Me emocionó mucho que todo funcionó, en algún momento estaba muy conmovido ante la oleada de alabanzas con que recibieron el proyecto. Muchos lo negarán hoy en día, pero durante los días posteriores a la publicación de la gaceta de prensa y del inicio de la campaña de venta de acciones que salió al aire por Televen, me escribieron algunos de los más reputados historiadores para ofrecerse a asesorarme. Periodistas me entrevistaron y me hicieron perfiles en la prensa destacando mis dotes de emprendedor. Junto con la venta de acciones hubo empresarios que me contactaron directamente para saber si en la venta pública estaba el 100% de la participación, o si por el contrario se aceptaban inversiones fuera de la cotización en la bolsa que les garantizaran una parte de la taquilla que obtuviera la cinta. Me buscaron muchos actores y actrices interesados en participar en el casting. Todos se convencieron luego de ver las fotos en prensa y el video que salía todas las noches en el canal diez, anunciado por Gilberto.
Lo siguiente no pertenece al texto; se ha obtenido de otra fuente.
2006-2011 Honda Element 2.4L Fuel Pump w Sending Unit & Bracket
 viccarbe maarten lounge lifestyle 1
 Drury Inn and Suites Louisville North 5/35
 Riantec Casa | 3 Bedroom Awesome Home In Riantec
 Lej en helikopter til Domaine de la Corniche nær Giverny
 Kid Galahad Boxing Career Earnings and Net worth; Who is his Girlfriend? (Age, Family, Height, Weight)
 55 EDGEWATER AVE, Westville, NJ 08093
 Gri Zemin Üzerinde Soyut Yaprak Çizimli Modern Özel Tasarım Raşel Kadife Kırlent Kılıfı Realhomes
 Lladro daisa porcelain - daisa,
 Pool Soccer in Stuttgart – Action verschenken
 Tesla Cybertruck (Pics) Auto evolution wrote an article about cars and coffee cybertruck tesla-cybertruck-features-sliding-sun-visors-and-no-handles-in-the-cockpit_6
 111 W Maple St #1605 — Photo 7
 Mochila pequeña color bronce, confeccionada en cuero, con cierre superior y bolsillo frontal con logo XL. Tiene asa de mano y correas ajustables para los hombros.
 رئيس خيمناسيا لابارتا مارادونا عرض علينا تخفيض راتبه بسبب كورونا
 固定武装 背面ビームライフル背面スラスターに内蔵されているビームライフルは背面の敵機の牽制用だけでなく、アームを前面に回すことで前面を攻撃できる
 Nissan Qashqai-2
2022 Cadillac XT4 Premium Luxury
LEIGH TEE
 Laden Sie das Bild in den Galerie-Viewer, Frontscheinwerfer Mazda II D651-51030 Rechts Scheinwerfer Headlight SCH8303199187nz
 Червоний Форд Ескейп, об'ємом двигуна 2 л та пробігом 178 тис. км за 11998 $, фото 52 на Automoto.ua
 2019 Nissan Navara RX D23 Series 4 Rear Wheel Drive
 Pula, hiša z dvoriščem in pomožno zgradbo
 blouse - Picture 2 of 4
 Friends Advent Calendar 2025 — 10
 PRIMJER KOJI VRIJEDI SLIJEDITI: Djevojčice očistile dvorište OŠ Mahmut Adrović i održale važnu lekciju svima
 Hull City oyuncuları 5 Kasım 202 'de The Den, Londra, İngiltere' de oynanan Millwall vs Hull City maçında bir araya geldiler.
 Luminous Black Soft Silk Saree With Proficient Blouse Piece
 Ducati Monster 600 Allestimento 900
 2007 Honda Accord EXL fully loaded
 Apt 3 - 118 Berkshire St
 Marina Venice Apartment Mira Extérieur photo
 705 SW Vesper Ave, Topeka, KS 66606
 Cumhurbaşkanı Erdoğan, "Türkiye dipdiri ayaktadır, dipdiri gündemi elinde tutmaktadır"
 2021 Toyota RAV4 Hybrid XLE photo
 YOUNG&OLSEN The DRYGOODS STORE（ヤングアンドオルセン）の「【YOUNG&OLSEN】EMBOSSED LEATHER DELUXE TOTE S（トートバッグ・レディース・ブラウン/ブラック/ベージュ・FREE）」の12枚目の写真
Suenan las rimbombantes trompetas, acompañadas de una línea suave de violín. La cámara enfoca una pared iluminada por lo que, puede adivinarse, es el sol de un día caluroso. Las sombras de unas tejas hacen pensar que se trata de una casa antigua y que la luz viene de la ventana techada que da hacia una montaña. Bueno, lo de la montaña es una licencia poética —conductista, le dicen los semiólogos— que se toma el espectador. Ante la luz se dibuja la sombra de un hombre alto y recio, se adivinan sus brazos musculosos. La cámara lo enfoca en un contrapicado, aparte de lo alto que es el muchacho que lo interpreta, nuestro Bolívar se ve altísimo. Además, como nunca vemos la cabeza, creemos que es un gigante, un hombre sin fin, con una altura más grande que la de cualquiera. Bolívar es nuestro Gulliver, lo vemos desde abajo, con admiración. ¡El gran Bolívar! Entra a cámara una mano enguantada en seda. Sostiene la espada desde su perno y la muestra a cámara dejando ver el mango de oro (es oro de verdad, la espada es de verdad; un general retirado se la prestó al director). Luego de unos segundos estáticos, la desenvaina. Los sonidos de la música son opacados por el del filo de la espada que suena con ese ruido chillón que tienen los taladros de dentista. Cuando la cámara muestra el filo, una luz lo recorre, como si el sol hubiera acelerado su paso y completado un ciclo diario en solo segundos. Corte a un plano medio que muestra al protagonista envainando de nuevo la espada y ajustándose el uniforme. Al fondo, la locución de Gilberto:

Una gran superproducción de Hollywood se encuentra en proceso de realización, un filme que contará la vida y obra del más grande venezolano de todos los tiempos y cuyo financiamiento se realizará a través de la colocación de acciones en la bolsa de valores de Caracas, un hecho inédito e innovador en la historia del cine. Llama ya al cero ochocientos Bolívar y podrás comprar por solo diez mil bolívares una acción que te convertirá en coproductor de esta magna obra cinematográfica, llena de efectos especiales, miles de extras y todos los elementos que al más puro estilo hollywoodense contarán la historia de nuestro Libertador, Simón Bolívar. Anímate, sé parte de la historia y de Bolívar: The Liberator, la película... pronto en cines.

La pantalla funde a blanco, la transmisión vuelve al estudio donde Gilberto sonríe y anuncia que viene un corte comercial, antes de seguir con más de Flassss.

(del libro Afrodita, C.A., y otras empresas fracasadas).